A series of 3 ridiculously hard encounters, a last huge room full of snipers and rocket-grunts, and one regular guy with a pistol as the final enemy. That was horrible game design.

Bad: Doom II.

A room with loads of respawning enemys, and you have to ride up an elevator and fire a rocket at the exact right moment at a wall to even hit the boss. That was just lame.

Nice: Star Control II

The Sa-Matra was a nice Boss - first you had to destroy a series of shield generators, and then fly your main ship (modded to giant bomb) into the unprotected station.

Great: Bioshock

Ryan was a great boss, really got me off guard. :wink:

The first Big Daddy was pretty tough, and though there was no real outstanding boss (the last one was good, but not that good), I really enjoyed all of them - they were really characters, not just generic bad guys.

Max Payne had a nice boss - the last encounter was hard, but not too bad, and the ending was pretty satisfying.
Warning Forever is basically just a series of pretty good boss fights. I never made it past #13 or 14 or so.

If you ran out of ammo, it really licked. That NPC with the sniper rifle helps a ton though.

That’s actually what I’m complaining about. The first time I played through, when I got to that fight, I struggled at first, trying to figure out what the game expected of me, occasionally falling off the platforms, all the usual stuff when you’re working on a level. Eventually I settled into the whole jump, whack, beam, zoom, whack again, back off, change level, jump back, whack, etc, wearing down the boss and expecting, sooner or later, to deal him the fatal blow. And then there was the crack of the sniper rifle, and the level faded into the cutscene: the NPC had sniped the boss.

Hey, dammit, I said, I wanted to do that. So I went around again. This time, I’m going to be even more focused, playing riskier, attacking more frequently; I don’t want to have the victory essentially taken away from me. But the result was the same: the NPC sniped the boss after a couple of minutes, and game over.

This on the heels of the incredibly lame “sorry, you don’t get to drive the big spider vehicle, the NPC will do it and you just tag along” level, and the last hour of Halo 2 was just a massive anticlimax.
Okay, forgot to mention a Good:

It’s not a “fight,” because it’s a driving game, but racing against the Eurotrash guy with the eye patch at the end of Midnight Club 2 was the highlight of the whole game.
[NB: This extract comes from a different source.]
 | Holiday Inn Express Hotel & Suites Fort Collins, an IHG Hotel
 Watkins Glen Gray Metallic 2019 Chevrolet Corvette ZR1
All four of the races are just insane, beautifully designed and lightning paced, ridiculously difficult but not impossibly so. Especially the “four unordered points spread all across Paris” level. Best race in the whole game, totally wide open. All four races occupy that much-coveted degree of difficulty where you quickly get to a point where you’re just barely losing over and over; you can’t quite win, but you don’t really get frustrated either because you know the victory is almost within your grasp, if you could just have one fewer crash or one more slightly cleaner jump landing. Great fun. The game’s a few years old and I still spin it up occasionally just to play these races.

Great: FFVI. It wasn’t hard, but who can deny that awesomeness that is Kefka?

Bad: Pretty much all Tekken or Streefighter final bosses. It’s more of a fault of the genre though.

Great: Dr.Robotnik, especially the end of 2 and Sonic3+Knuckles after collecting all the Chaos Emeralds. Hyper Sonic was just too cool.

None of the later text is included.